PROVIDENCE, R.I. [Brown University] — Parker VanValkenburgh has dedicated more than a decade of research to understanding how colonialism impacted Peru’s Indigenous people in the 16th century. That time marked a turning point in the region: Spanish forces conquered the Inca Empire, initiating a period of social violence and upheaval that included the forced resettlement of more than 2 million Indigenous people into a series of planned towns.
In the past, VanValkenburgh, an associate professor of anthropology at Brown University, led intensive archaeological survey and excavation projects to study the effects of these transformations on Indigenous peoples’ daily lives.

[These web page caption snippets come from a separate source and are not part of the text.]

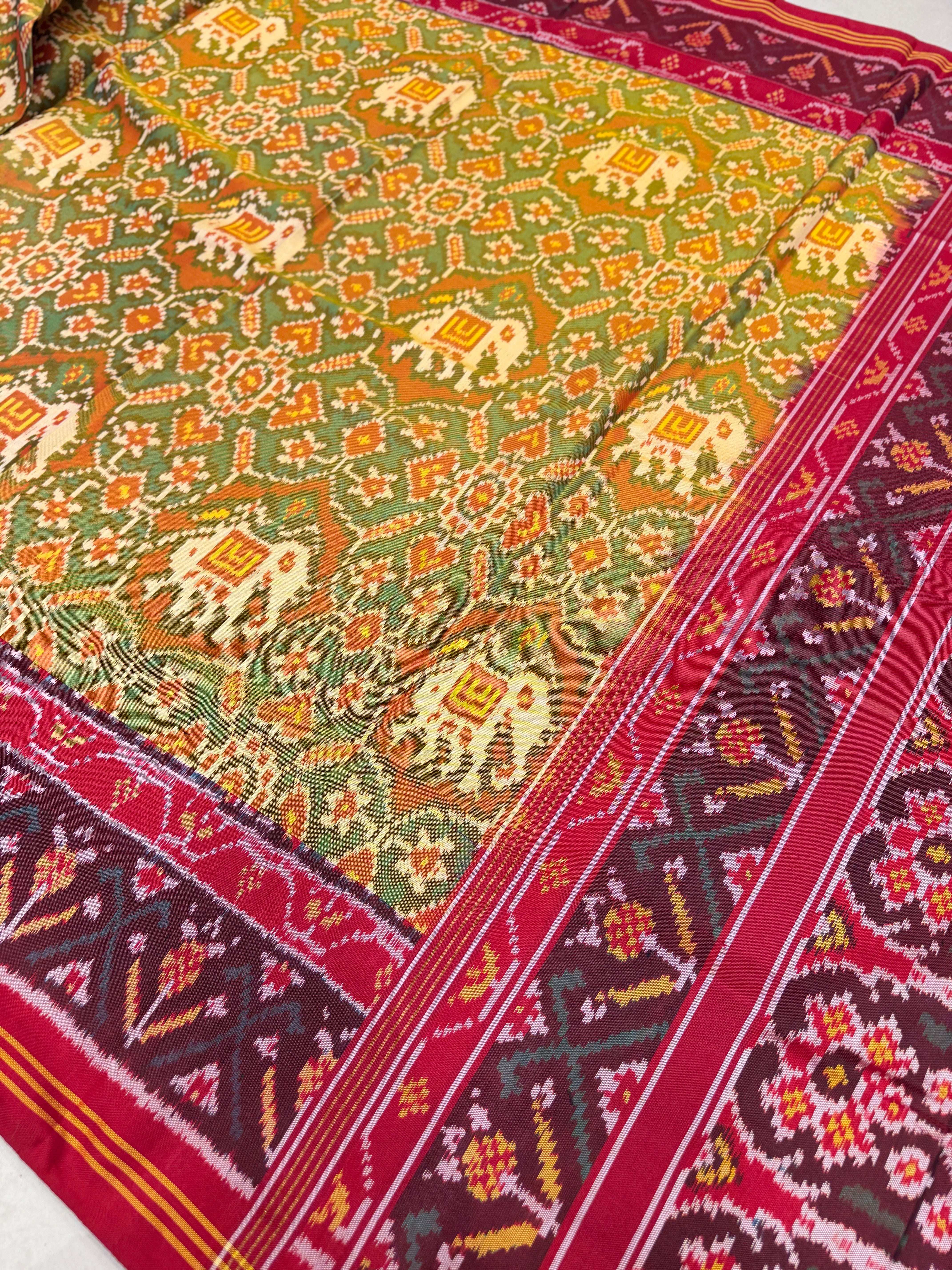 Yellow Red Navratna With Elephant Motifs Patan Patola Handloom Saree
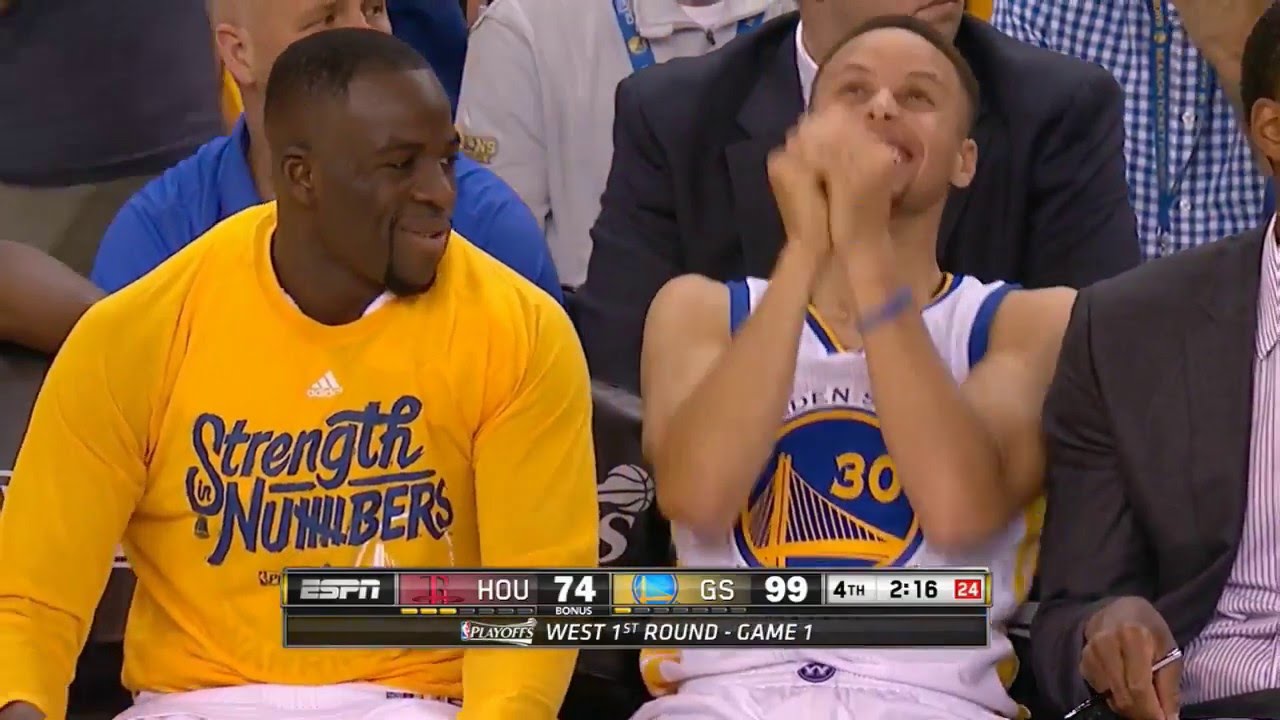 Stephen Curry laughs on the bench while Warriors destroy the Rockets
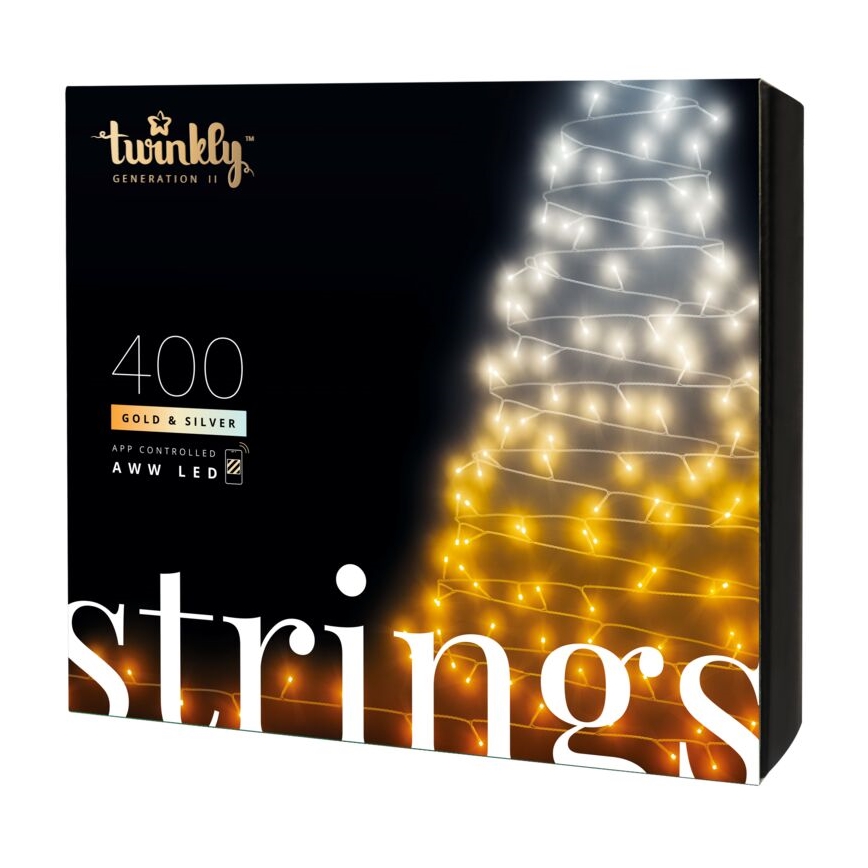Twinkly - LED Ljusreglerad utomhus Julkedja STRINGS 400xLED 35,5m IP44 Wi-Fi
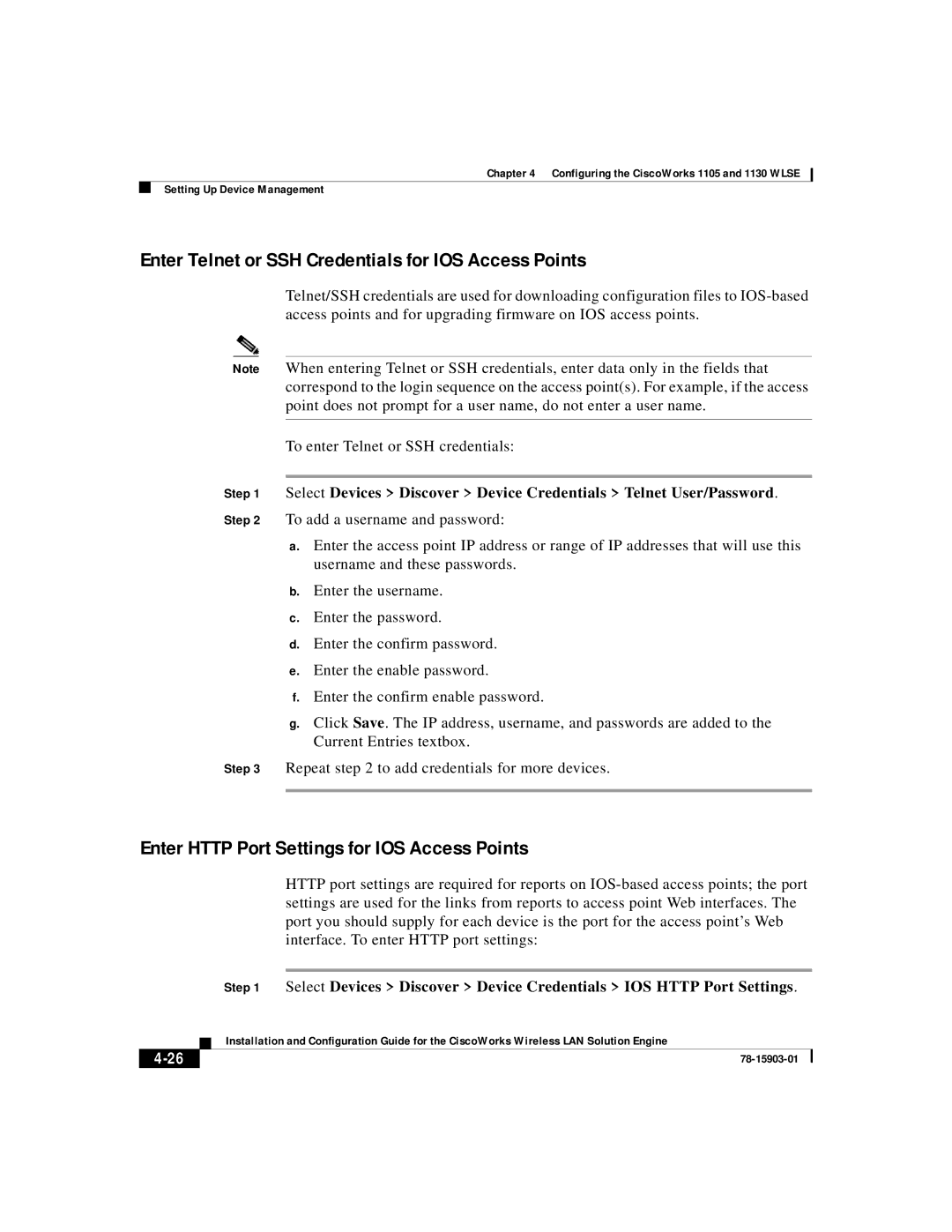 Cisco Systems SOFTWARE RELEASE 2.5 warranty Enter Telnet or SSH Credentials for IOS Access Points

He’d spend years focused on just one valley or site, studying post-colonization dietary changes by excavating pits filled with food waste.
VanValkenburgh believed that work was valuable, but he longed to zoom out — to see how his findings fit into, or differed from, other scientists’ findings across the region. So he partnered with Steven Wernke, an associate professor of anthropology at Vanderbilt University, to develop a tool that would map cultural and environmental change at a much larger scale.

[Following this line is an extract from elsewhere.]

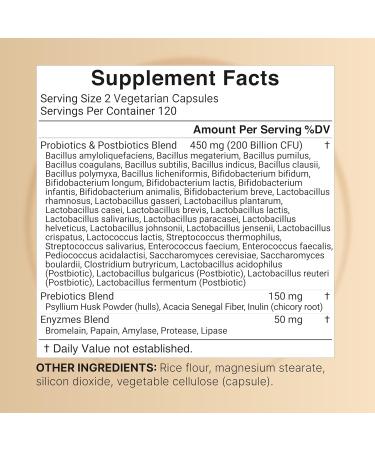Probiotic 200 Billion CFU 40 Strains Per Serving | 240 Veggie Capsules with Prebiotics and Probiotics for Digestive Health Gut Health & Bloating Support | Daily Probiotics for Women & Men - Buy Online on GoSupps.com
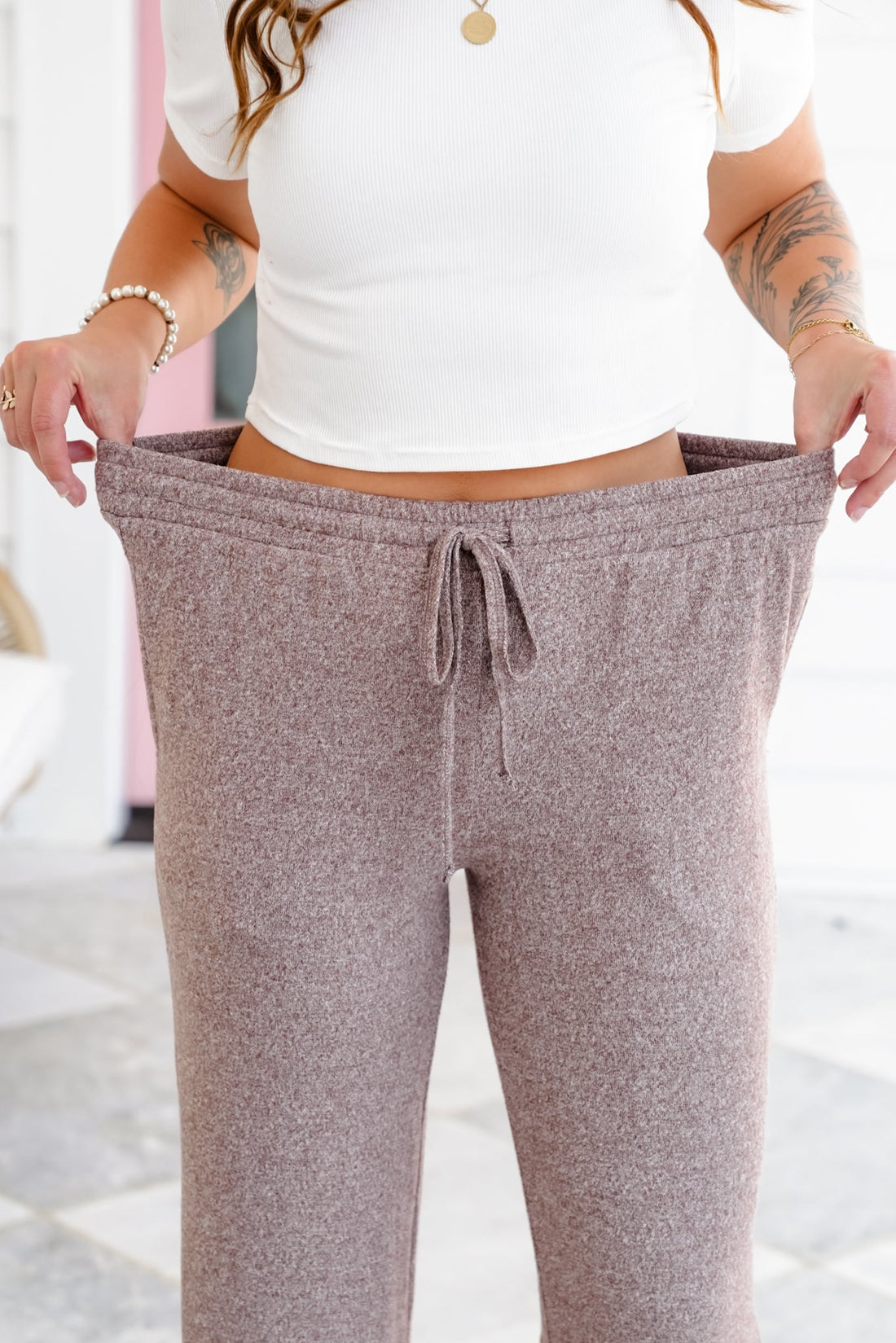 Women's Drawstring Elastic Band Waist Wide Pants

The result is the Geospatial Platform for Andean Culture, History and Archaeology, or GeoPACHA — an open-source, browser-based platform that allows teams of researchers to work together to map archaeological sites in high-resolution satellite imagery.
“Archaeologists are really good at the small picture,” VanValkenburgh said. “We can dig into pits and tell you the minuscule ways in which the soil changed over time. But we lack the kinds of systematic data that we need to make sweeping statements about how those changes fit into the bigger picture of the growth of Indigenous societies in the past, of the Inca Empire’s rise and fall, and of the large-scale effects of Spanish colonization.”
In collaboration with colleagues across the United States, Peru and several other countries, VanValkenburgh, Wernke and colleagues spent a year using GeoPACHA to gather data on ancient sites, roads, livestock corrals and agricultural terraces. Their work has yielded a raft of new findings about how Spanish colonization and forced resettlement changed the region’s population density, its natural landscape and in some cases even its climate.
The findings, detailed across six new papers, were published online on Monday, Dec. 18 in Antiquity. They’ll also be featured in the journal’s February 2024 print edition.